Oh, and what about the other items on my 2019 ride list? There certainly were some other outstanding gravel adventures in there as well. Like the day that I got lost on purpose exploring the open spaces between New Brunswick and Nova Scotia. It was one of those perfect July mornings where the green is so very green and you can taste the thickness of the warm air. I wasn’t going fast, but the riding felt effortless. It was like there was no wind even if I felt refreshed by a gentle cool breeze. And there was also the day that I finally did the Dorchester Cape loop. I had stopped in Johnson’s Mills for a quick snack just as I noticed the Sand Pipers dancing along the shore. The beauty of how they were moving literally gave me goosebumps. Yeah, those were amazingly great ride days as well.
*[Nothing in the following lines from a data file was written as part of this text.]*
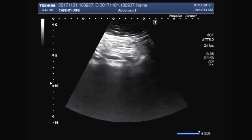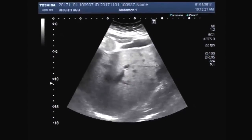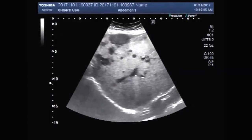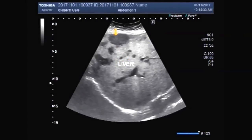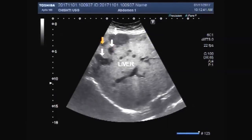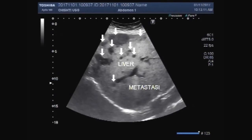Dear viewers, I hope you are all fine. Today you will see an ultrasound video showing multiple masses in the liver. You can see masses of varying sizes — the larger one is lying in the upper border of the liver. There are multiple masses: small, very small ones, and others of medium size. The masses are seen in the whole parenchyma of the liver. These are metastases, round to oval in shape.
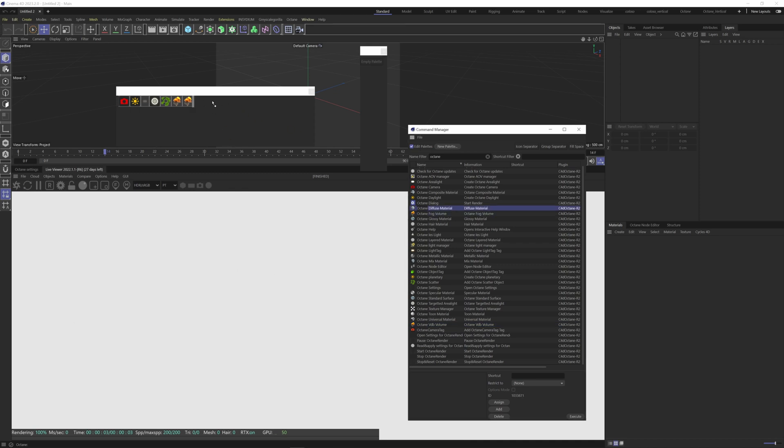And then we want the diffuse material and the glossy material, the metallic material, mixed material, the specular material and the universal material.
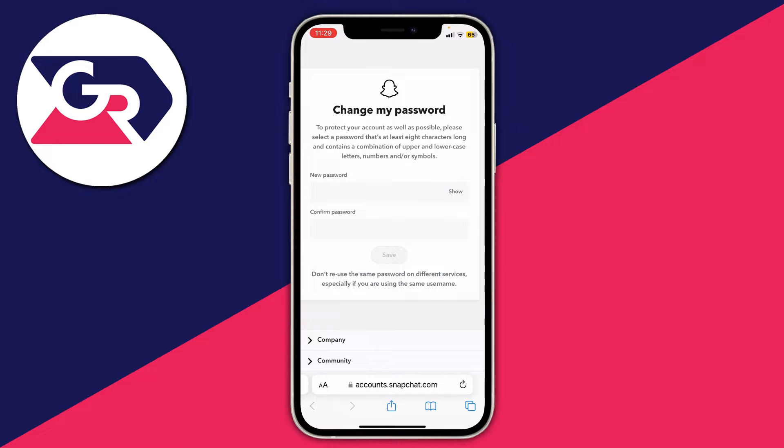Here we are — it's now loading and we're taken to a page that looks something like this. You can then enter your new password, confirm it, and press save. And that's literally it — you've changed your Snapchat password.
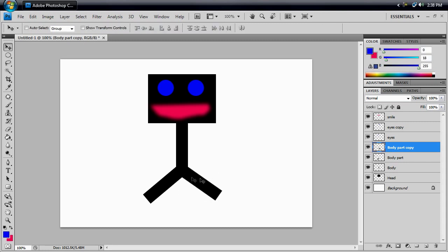You should have two fat legs for your stick figure, and then I think you can figure out how to do the arms by now, hopefully.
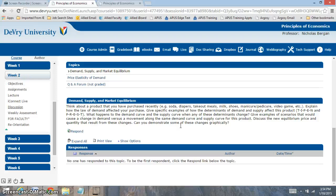What happens to the demand and supply curve if any of these determinants change? If there's a change in demand, the demand curve will either increase or decrease. If there's a change in supply, it'll either increase or decrease as well. You could provide an example if you'd like — that would be very helpful. The next question is going to focus on the difference between a change in demand and a change in quantity demanded. A change in quantity demanded is only dealing with a change in price, whereas a change in demand is a factor of the demand curve that will cause a shift.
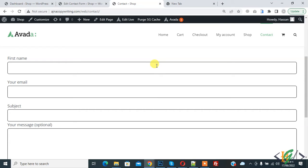Bismillahirrahmanirrahim. Assalamu alaikum, my name is Asan and today we are going to redirect Contact Form 7 after submission based on values selected in a dropdown.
We are sold the idea that the most beautiful places on this earth worth seeing are far away and expensive to visit. But this way of thinking only makes us miss what’s right under our noses. It makes us miss the treasures in our own neck of the woods. Who knew that all this amazing gravel existed so close to home, just waiting to be ridden? As much as the big bucket list ride destinations seem exciting and worth doing, I believe that we should all start with exploring where we already are, in our own backyards.
I got through most of my 2019 ride list. And those that I haven’t had the chance to ride yet, they may happen this fall? If not, they’ll just be at the top of my 2020 list. Maybe 2020 will the year of my first multi-day solo backpacking trip? Maybe? Inspiration. It can’t be forced. One can only let it surface.
About Mike LeBlanc
I fell madly in love with the bike over 45 years ago when I taught myself to ride on two wheels without the help of training wheels using our neighbour’s bike. I was instantly hooked. Some of the fondest memories of my childhood were of riding with my dad, venturing out to parks and playgrounds, my young mind so very excited about the sudden expansion of my outside world, my first taste of what pure freedom felt like. I grew up riding and racing BMX, then graduated to Mountain Bikes as a young adult in the early 90s, eventually adding Road, Cyclocross and even Track. After close to 30 years of racing and a bad concussion in 2016, I have since retired from competition. I am no longer drawn by the fleeting thrill of chasing results. Today I feel more of a connection to cycling’s soul. I believe that riding a bicycle is, in its purest form, about exploration. Riding for me now is all about adventure, discovery, being outside, in the moment, paying attention to the fine details of the experience whenever I’m on my bike. I live in Dieppe, New Brunswick with my wife, daughter and our dog Zen.